Actually, what I told everyone was: “I am done. Oh my God, I am done! Now I am going to sleep and when - and if! - I wake up tomorrow, I am going to a bookshop to rejoice in the fact that there are people who are better at this writing business than I am! This is dreadful.” So now I've spent some days recovering, reading and dreaming of A Better Place.
ENGLISH TEACHER: Where would you like to be right now? Does anyone want to share with the class?

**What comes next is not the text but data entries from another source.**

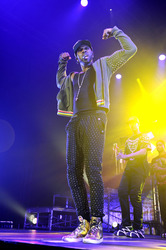 Jason Derulo Konzert, Hamburg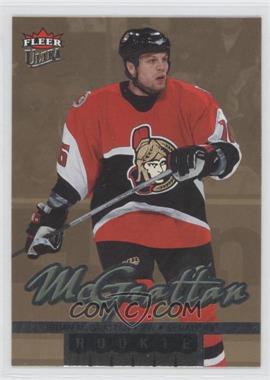 2005-06 Fleer Ultra - [Base] - Gold Medallion #235 - Brian McGrattan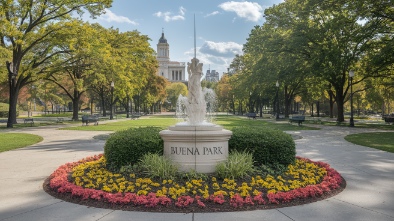 central buena park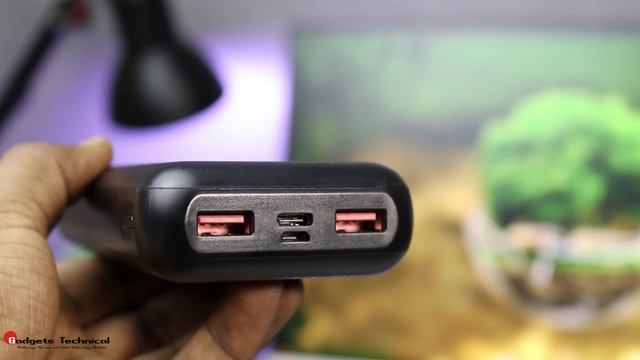 20000mah Flipkart Smartbuy Power Bank QS20LPQ| Flipkart Smart Buy Power Bank Unboxing | Hindi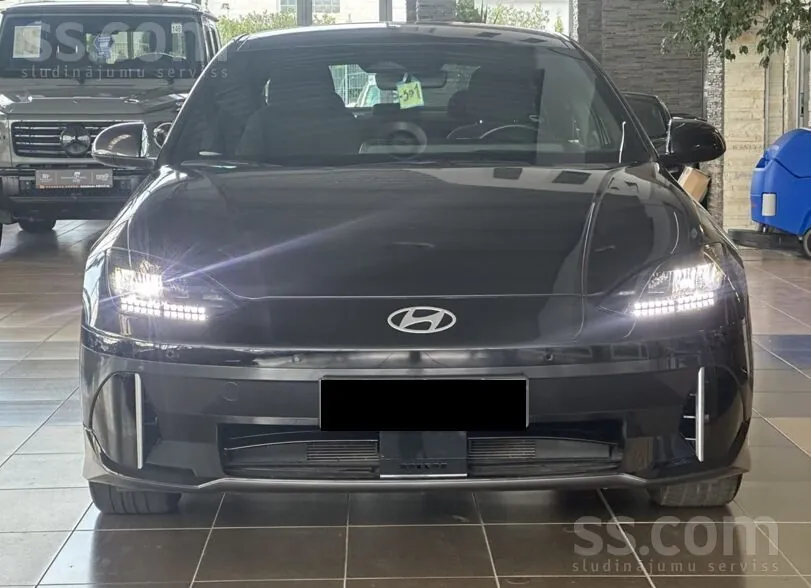 Hyundai Ioniq 6 2023 photo 2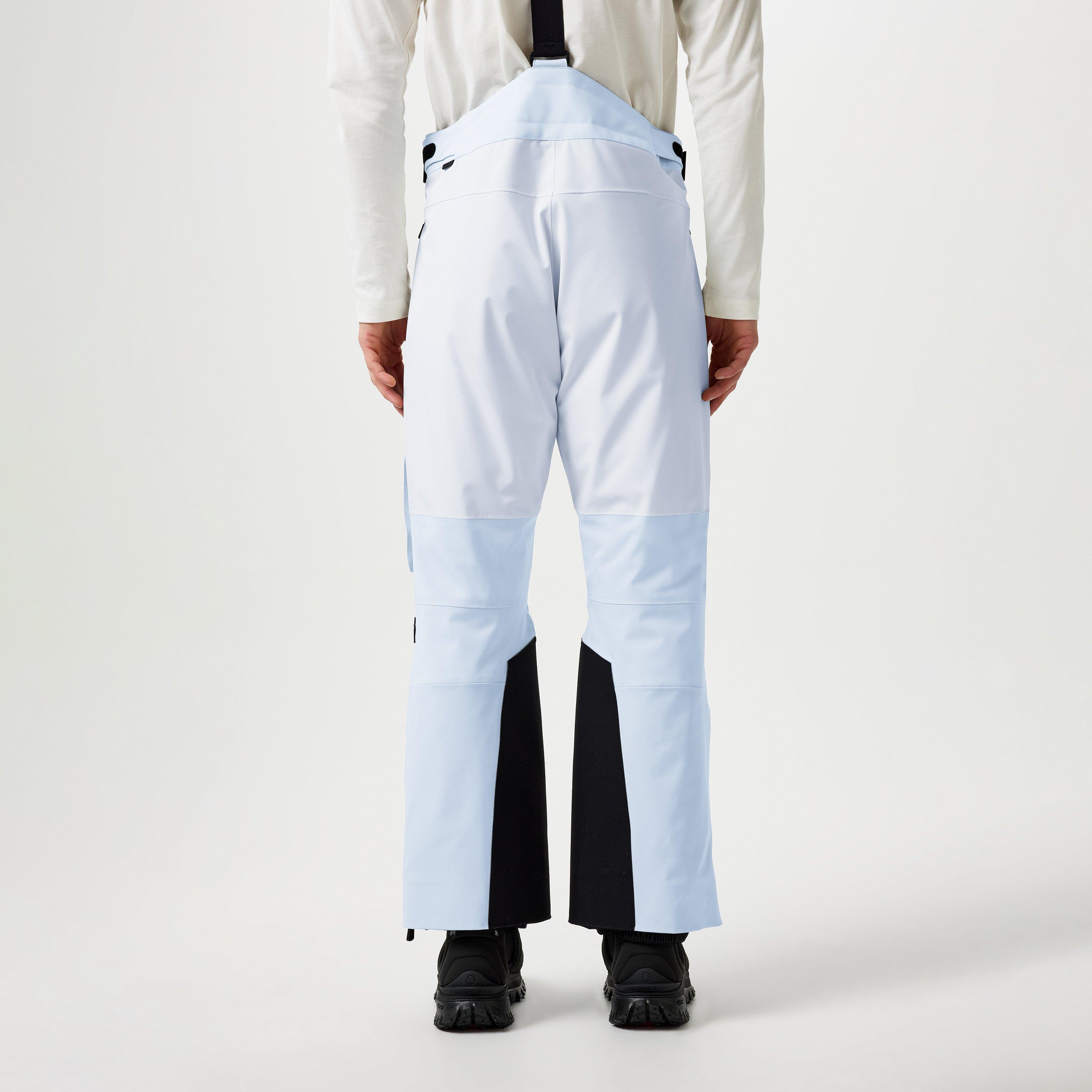 Sky/White P50 - Moncler Grenoble - Fussen Ski Trousers - 3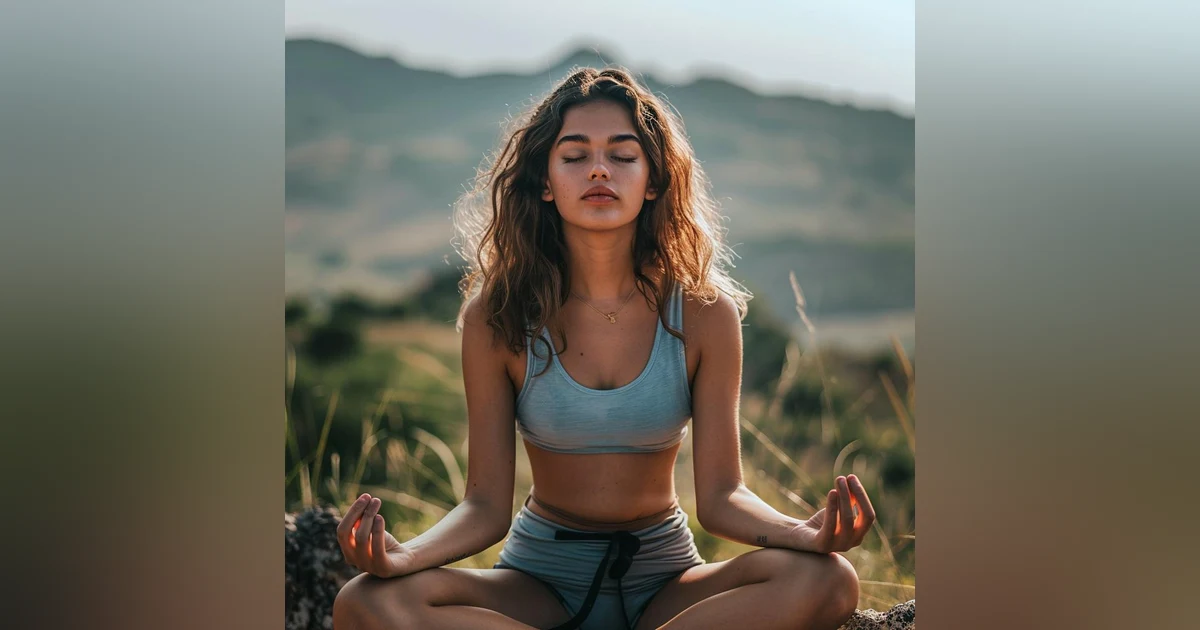 Stress Reduction Meditation: Techniques To Reduce Stress And Anxiety Levels, Promoting Relaxation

ME: I would like to be on a tropical island, surrounded by handsome men serving me drinks and singing sweet songs about my eyes.
TEACHER: Drinks? At eight o’clock in the morning?
ME: It is never too early. Besides, I don’t have to drink the drinks. They just have to serve them. The point is that they are all my mindless slaves. My handsome, mindless slaves…
TEACHER: Moving on!
P.S. I have made an extraordinary discovery: I am not just a Karaoke Queen, I am a Karaoke Goddess. The karaoke machine and I met at a party, and we clicked instantly. We spent the night together. Not even the promise of colourful alcoholic beverages could lure me from its side. I’ve now decided that if ever we marry, our first child shall be called Mr Tambourine Man and our second Oops, I Did It Again. I haven’t quite dared to mention it to the karaoke machine yet - I don’t want things to become awkward between us - but I am overcome with love!